Подобные головные уборы не только позволяли их носительницам противопоставить себя стереотипам, рисующим сторонниц участия женщин в политике далекими от моды и выглядящими непрезентабельно, но и имели агрессивные коннотации, которые оказывались скорее на руку суфражисткам. Некоторые дамские модные шляпы с перьями своим фасоном напоминали офицерские головные уборы, тем самым подчеркивая воинственность и лидерские качества одетых таким образом женщин. Помимо откровенно милитаристских обертонов, часто смягченных временной дистанцией, так как в большинстве случаев речь шла о переосмысленных для современного дамского гардероба исторических фасонах, еще одной стилистической точкой отсчета были шляпы охотников, и наличие чучел птиц в качестве декора в этом контексте хорошо сочеталось с идеей охотничьего трофея.
Наряду с суфражистками к подобным стратегиям самопрезентации прибегали, к примеру, деятельницы ирландского националистического движения, иногда также разделявшие идею избирательных прав для женщин, поэтому можно сказать, что эти группы до некоторой степени пересекались. Для британцев (и части ирландцев) они в еще большей степени, чем воинствующие представительницы Женского социально-политического союза, воплощали чудовищную, «атавистическую» женственность. На этом примере наглядно видно, как стигматизирующие стереотипы могут быть апроприированы группами, на которые они направлены, и как костюм может использоваться для визуализации подобных переосмысленных образов – в данном случае для подчеркивания несгибаемой политической воли, носительница которой не остановится ни перед чем. Тем самым популярность «жестокого» шляпного декора на рубеже XIX–XX веков для некоторых женщин мотивировалась не только модными веяниями, но и политическими взглядами: шляпы становились своего рода витринами для демонстрации весьма серьезных и агрессивных намерений женских объединений.

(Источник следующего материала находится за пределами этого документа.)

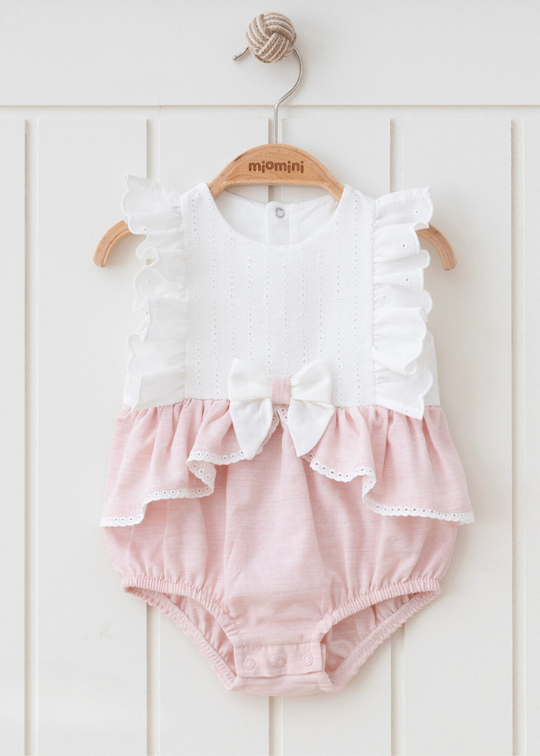 Боді білого лосося Спарта, бавовна з вишивкою та оборками 5550 MyMio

В целом всплеск зооморфной образности в моде около 1860-х годов можно обоснованно связать с ростом общественно-политической активности и притязаний женщин. В это время заметными явлениями становятся первая волна суфражизма в США и Великобритании, нигилистическое движение в Российской империи, костюм представительниц которого привлекает особое внимание властей, а на рубеже десятилетий международный резонанс вызывает фигура деятельницы Парижской коммуны. Все эти женщины в той или иной степени кажутся современникам отклонением от нормы, то есть в условиях натурализации социального порядка, монструозными существами, воплощающими вырождение. Не для всех из них имел значение костюм, а тем более мода, однако параллельно происходила политизация общественного дискурса о моде, что и привело к смешению образов модницы и политической активистки.